Amazon is actually talking to Boeing about buying new 767 wide-body freightliners for its own airline, The Seattle Times reported back on March 9, 2016. On the same day Amazon announced plans to lease 20 used 767s from Air Transport Services Group (ATSG).
Amazon was also trying to buy 49% of ATSG in an attempt to take more control of its logistics, The Seattle Times revealed. The Everything Store also has plans to increase the size of its network to 100 planes.
Why Amazon wants to take to the Air
Setting up its own air-logistics network makes a lot of sense for Amazon because it would have more control over its logistics infrastructure. A major goal of the new network would be to reduce costs and keep the fulfillment centers full particularly at Christmastime.

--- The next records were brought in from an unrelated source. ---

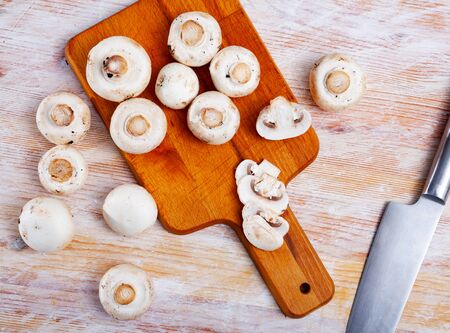 Fresh uncooked champignons on wooden surface. Ingredients for cooking

の写真素材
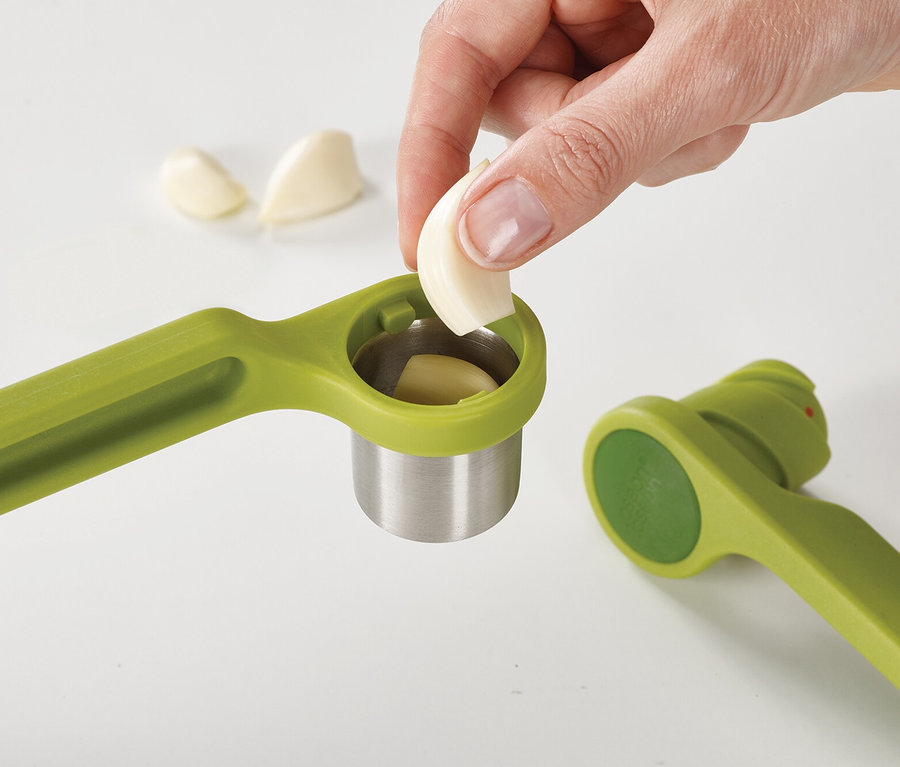 Eine Hand legt eine Knoblauchzehe in eine grüne Knoblauchpresse.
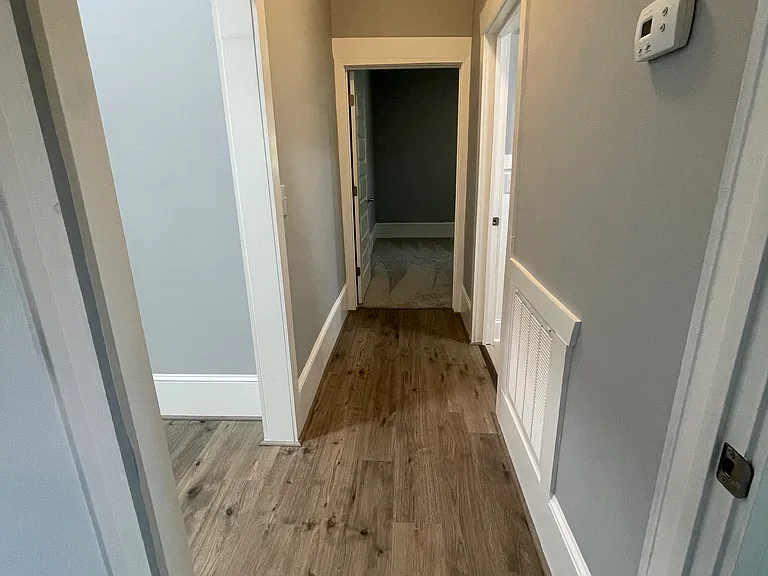 Hallway to bathroom and 2 bedrooms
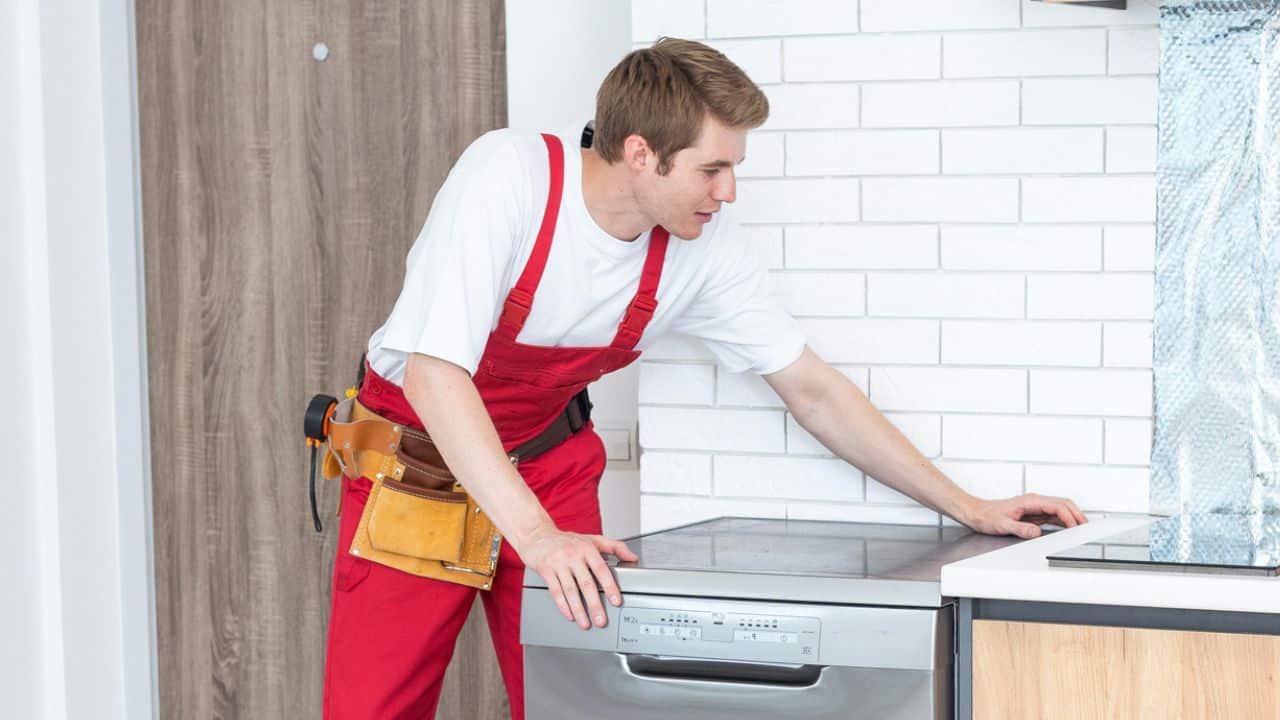 Appliances Most Likely to Fail Repeatedly man dishwasher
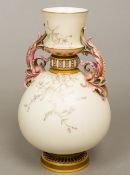 A 19th century Royal Worcester porcelain twin handled vase Typically worked on an ivory ground,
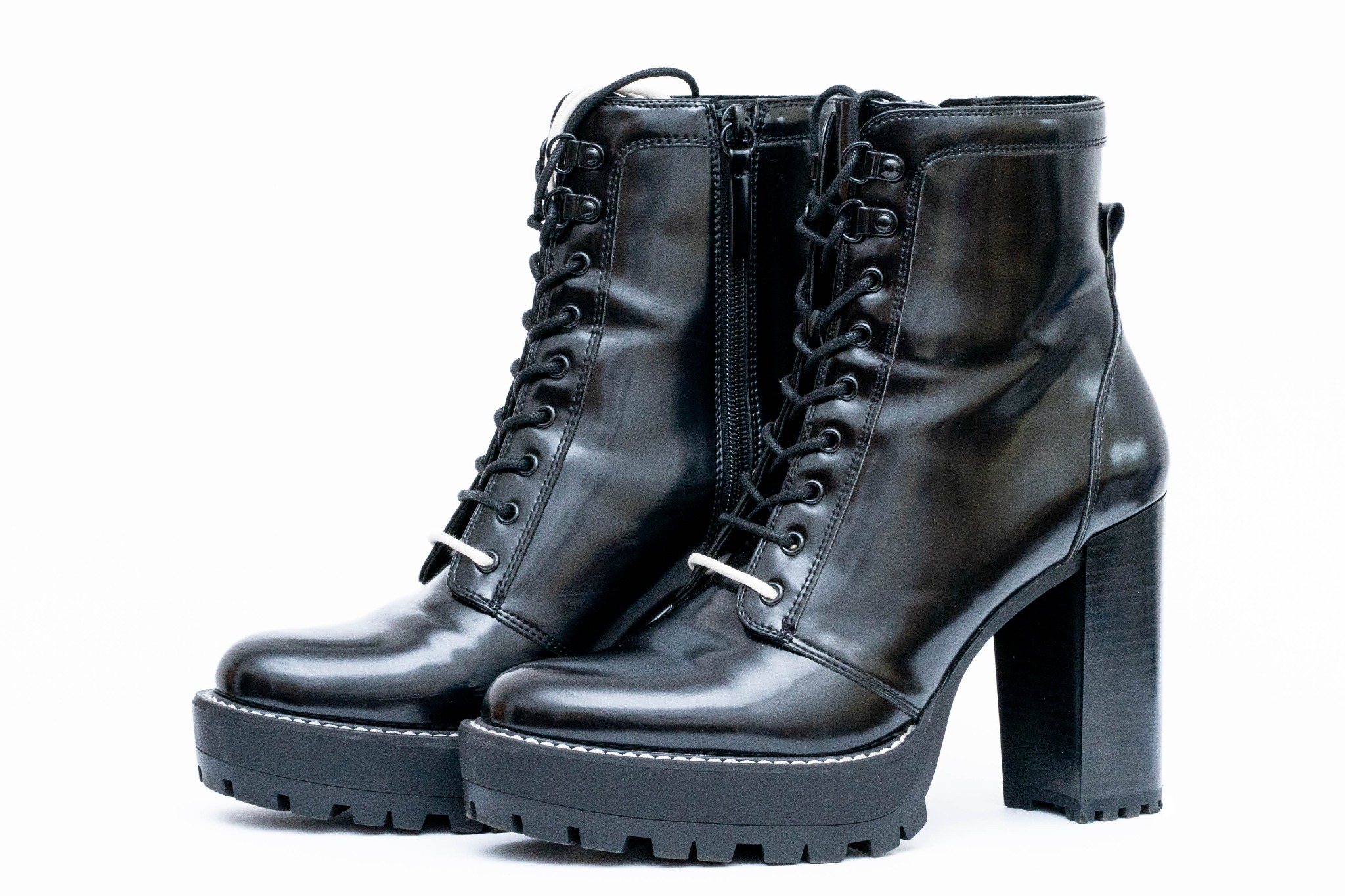 Para czarnych, lakierowanych botków na grubej platformie i wysokim, kwadratowym obcasie, sznurowane, z zamkiem błyskawicznym, na białym tle.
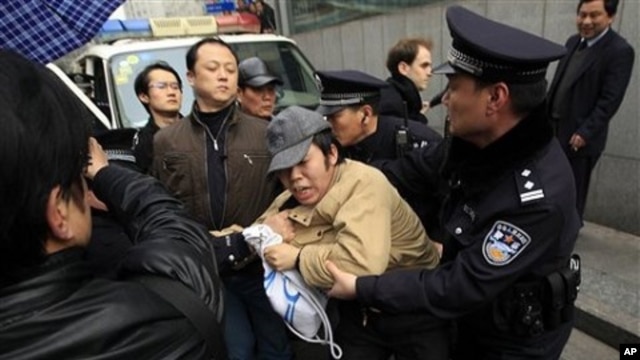 A man, center, is detained by police officers near the planned protest site is located at in Shanghai, China, February 27, 2011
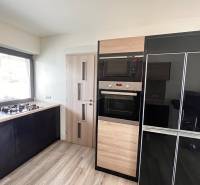 Rodinný dom v obci Dubová s 920m2 rozsiahlym pozemkom  - Kuchyňa v rodinnom dome s plynovým sporákom a spotrebičmi, podlaha s dreveným dekorom.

Another reason to set up an Amazon air force is to enable the company to expand and fight off a growing threat from aggressive competitors like Walmart (NYSE: WMT). Walmart is ramping up its online capabilities through the purchase of Jet.com and the hiring of that company’s CEO Mark Lore as its new ecommerce boss. The world’s largest retailer is also effectively leveraging its stores as bases for services like same-day delivery and order online/pickup instore.
Amazon is negotiating with Boeing for the purchase of new 767 airliners which are currently only being built for FedEx (NYSE: FDX), an anonymous source told The Seattle Times. A new 767 cargo jet costs between $70 and $80 million’ but the price is spread out over several years, which can generate a lot of float.
The anonymous source claimed that Amazon had balked at the price tag but Boeing seems to be sure of the deal. Boeing employees told The Seattle Times that the company is trying to open up some production slots at the company’s factory in Everett, Washington; where the 767 is built.
Amazon’s Air Force Would be Good News for Boeing
It goes without saying that Amazon’s air force would be great news for Boeing. If Amazon were to order 100 new 767s that would generate $7 to $8 billion in additional revenue for the aircraft maker.
It would also give competitors like Walmart a strong incentive to launch their own air forces. That would create even more potential customers for Boeing’s air freighters.
Boeing also demonstrates a classic value investment strategy, long embraced by Warren Buffett. Don’t buy the high-profile company that’s really successful; buy the company that supplies; or supports, the big name.
Why Boeing is a better Buy than Amazon
This certainly makes a lot of sense in Boeing’s case; it is a cheaper stock than Amazon and a better stock than the Everything Store. On September 23, 2016, Amazon was trading at $805.20 a share; while Boeing was selling for $131.83 a share.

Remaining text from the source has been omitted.